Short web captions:
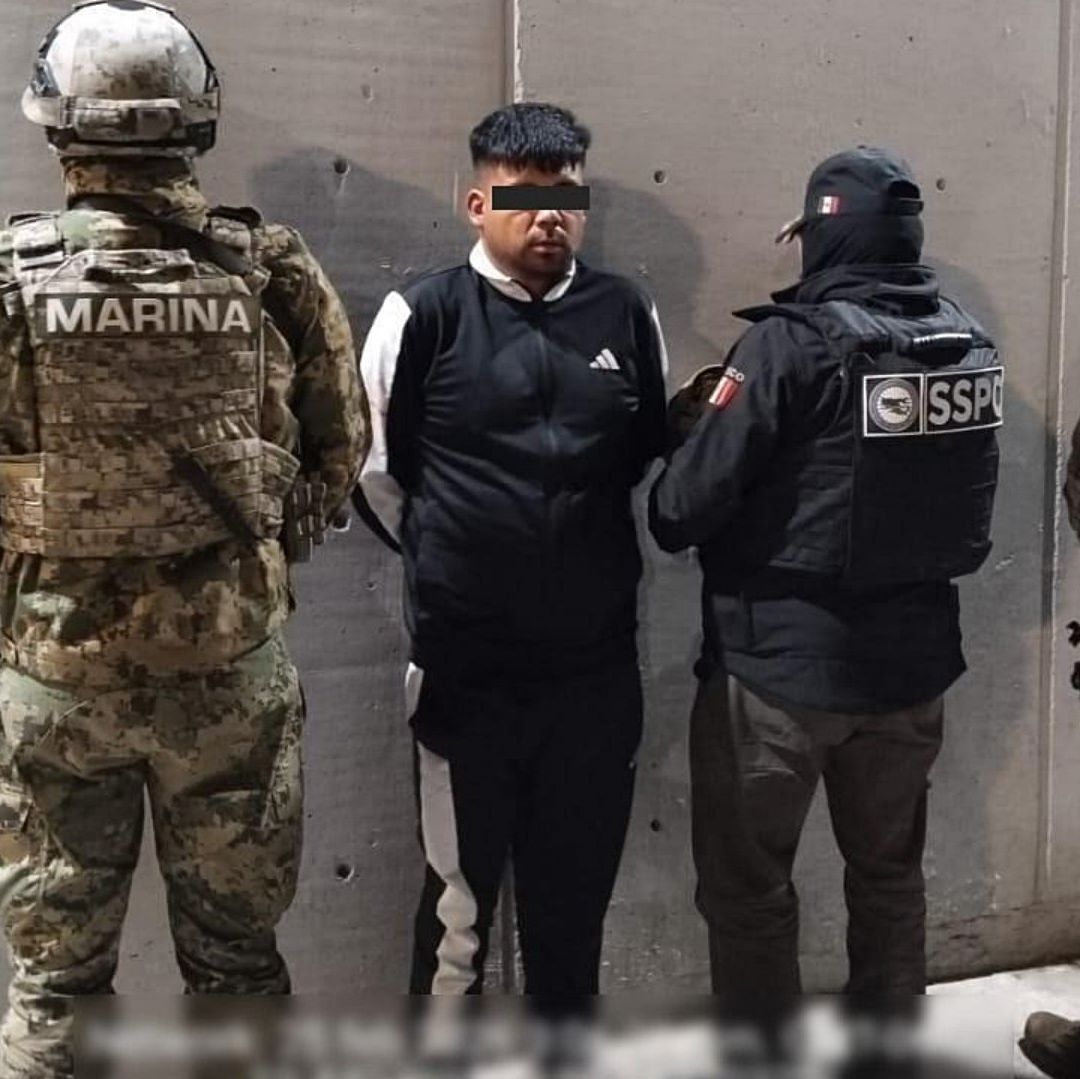 Isaac “N”, ‘El Hacha’, detenido por fuerzas de seguridad en Tlaxcala. Foto: Gabinete de Seguridad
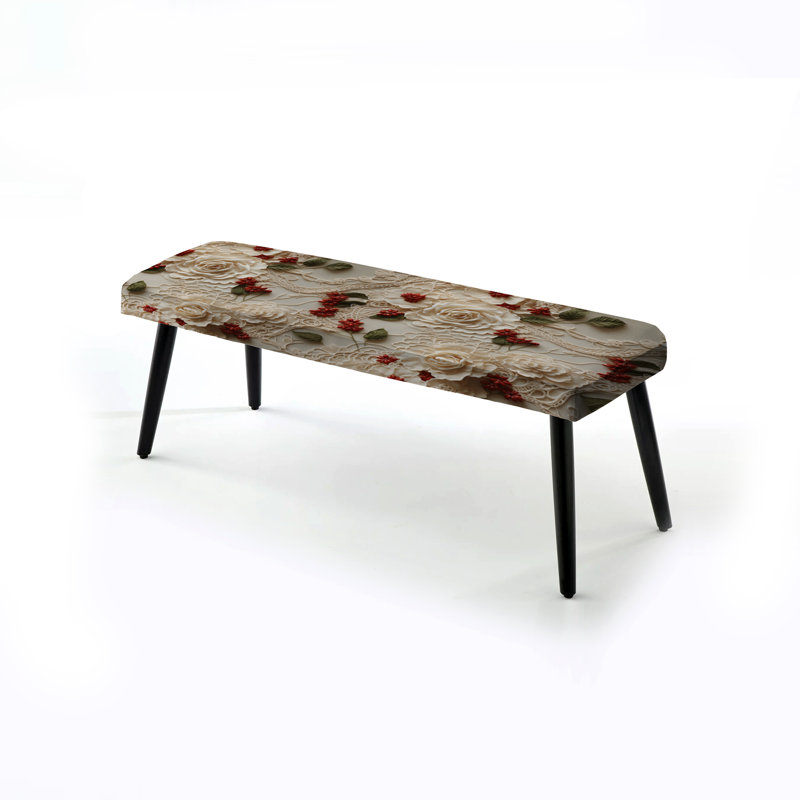 Timeless Red Floral Lace Veil - Floral Upholstered Black Bench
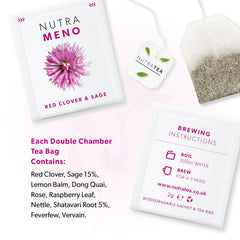 NutraMeno steeping cup with steam, conveying a comforting aroma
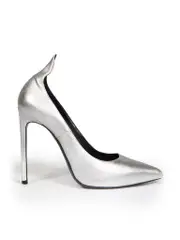 Silver Leather Thorn Point Toe Pumps
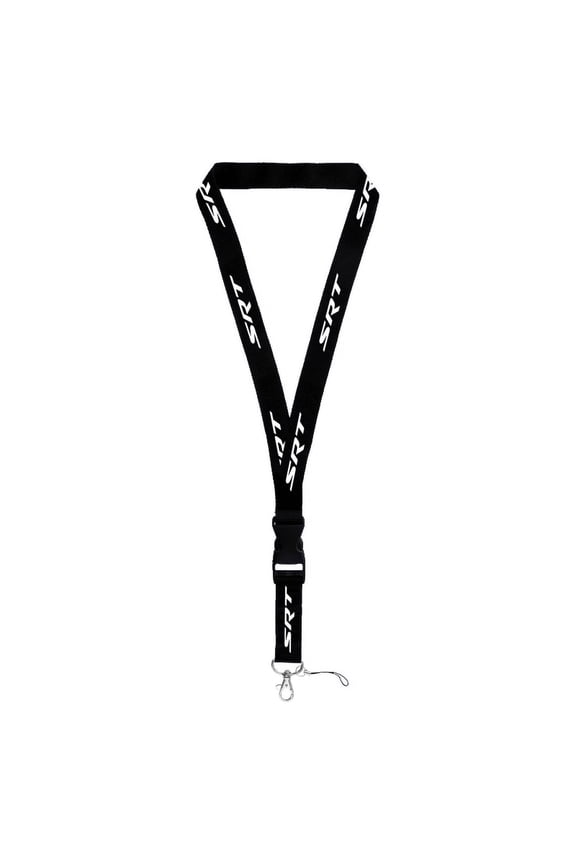 Dodge SRT Keychain Lanyard (White on Black)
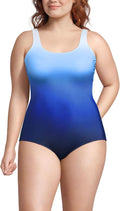 Lands' End Chlorine Resistant Tugless Sporty One-Piece Swimsuit nylon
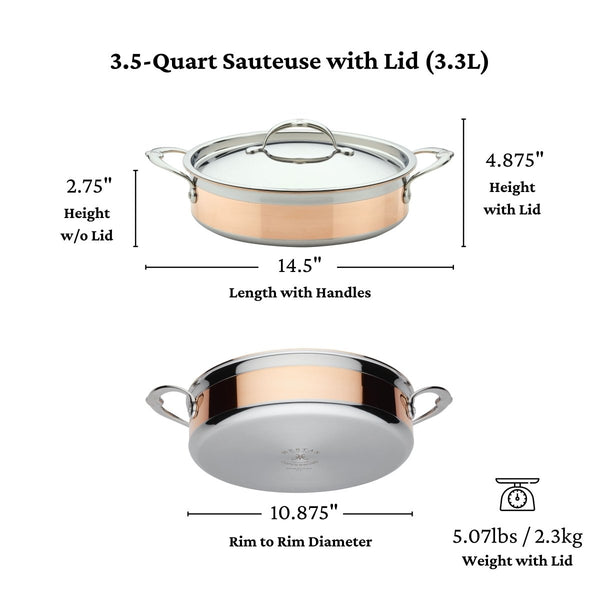 Hestan CopperBond® 3.5-Quart Induction Copper Sauteuse Braiser with Lid (31599) - iFoodservice Online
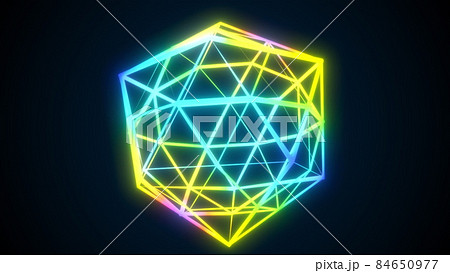 Neon crystal made of mesh lines Neon crystal made of mesh lines 84650977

▶ [Instructions for the task]: Transcribe every entry exactly. Leave out the pictures.

▶ [Task result]:
 Isaac “N”, ‘El Hacha’, detenido por fuerzas de seguridad en Tlaxcala. Foto: Gabinete de Seguridad
 Timeless Red Floral Lace Veil - Floral Upholstered Black Bench
 NutraMeno steeping cup with steam, conveying a comforting aroma
 Silver Leather Thorn Point Toe Pumps
 Dodge SRT Keychain Lanyard (White on Black)
 Lands' End Chlorine Resistant Tugless Sporty One-Piece Swimsuit nylon
 Hestan CopperBond® 3.5-Quart Induction Copper Sauteuse Braiser with Lid (31599) - iFoodservice Online
 Neon crystal made of mesh lines Neon crystal made of mesh lines 84650977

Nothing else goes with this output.